PageRank is an algorithm developed by Larry Page and Sergey Brin (co-founders of Google) for estimating the importance (rank) of nodes in a directed graph based on the structure of incoming links.
Core idea: A page is important if many important pages link to it. This is a recursive notion of importance.
KEY TAKEAWAY: PageRank models a “random surfer” who follows links at random. A page’s rank is proportional to the probability that the random surfer is visiting it at any given moment.
Input: A directed graph $G = (V, E)$ where nodes are web pages and directed edges represent hyperlinks
Output: A score $PR(v)$ for each vertex, representing its relative importance
Interpretation: Higher $PR(v)$ → more “important” node
For a vertex $v$ with $n$ total vertices:
$$PR(v) = \frac{1-d}{n} + d \sum_{u \in \text{in}(v)} \frac{PR(u)}{\text{out}(u)}$$
Where:
- $d$ is the damping factor (typically 0.85) — probability of following a link
- \$1 - d$ = probability of jumping to a random page (teleportation)
- $\text{in}(v)$ = set of vertices with edges pointing to $v$
- $\text{out}(u)$ = out-degree of vertex $u$ (number of links from $u$)
Imagine a web surfer who:
- With probability $d = 0.85$: clicks a random link on the current page
- With probability \$1 - d = 0.15$: jumps to a completely random page
The PageRank of a page is the long-run fraction of time the surfer spends on that page.

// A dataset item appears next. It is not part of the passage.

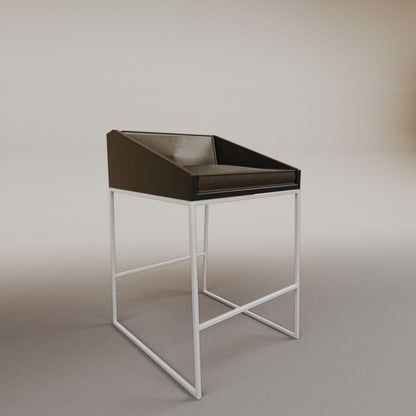Monica Chair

PageRank is computed iteratively until convergence:
ALGORITHM PageRank(graph, d, iterations)
n ← number of vertices
PR ← Dictionary (all vertices → 1/n) // initialise equally
for iter ← 1 to iterations do
newPR ← Dictionary
for each vertex v in graph do
rank_sum ← 0
for each u in inNeighbours(v) do
rank_sum ← rank_sum + PR[u] / outDegree(u)
end for
newPR[v] ← (1 - d) / n + d * rank_sum
end for
PR ← newPR
end for
return PR
3-page graph: A→B, A→C, B→C, C→A. $d = 0.85$, $n = 3$.
Initial: $PR(A) = PR(B) = PR(C) = 1/3$
Iteration 1:
- $PR(A) = 0.05 + 0.85 \times (PR(C)/1) = 0.05 + 0.85 \times 0.333 = 0.333$
- $PR(B) = 0.05 + 0.85 \times (PR(A)/2) = 0.05 + 0.85 \times 0.167 = 0.192$
- $PR(C) = 0.05 + 0.85 \times (PR(A)/2 + PR(B)/1) = 0.05 + 0.85 \times (0.167 + 0.333) = 0.475$
C has the highest rank — it receives links from both A and B.
PageRank corresponds to the stationary distribution of a Markov chain over the graph. With the damping factor:
- Every page has a non-zero probability of being visited
- The process is guaranteed to converge to a unique stationary distribution
| Limitation | Explanation |
|---|---|
| Link spam | Pages can inflate their rank by creating many inbound links |
| Dangling nodes | Pages with no outgoing links can absorb rank (handled by teleportation) |
| Not semantic | Measures link structure, not content quality |
| Dynamic web | Web changes constantly; PageRank must be recomputed |
EXAM TIP: In VCE exams, PageRank questions typically ask you to interpret the formula, trace one or two iterations, or justify why a node has a high/low rank. Focus on understanding the formula components: damping factor, in-neighbours, and out-degrees.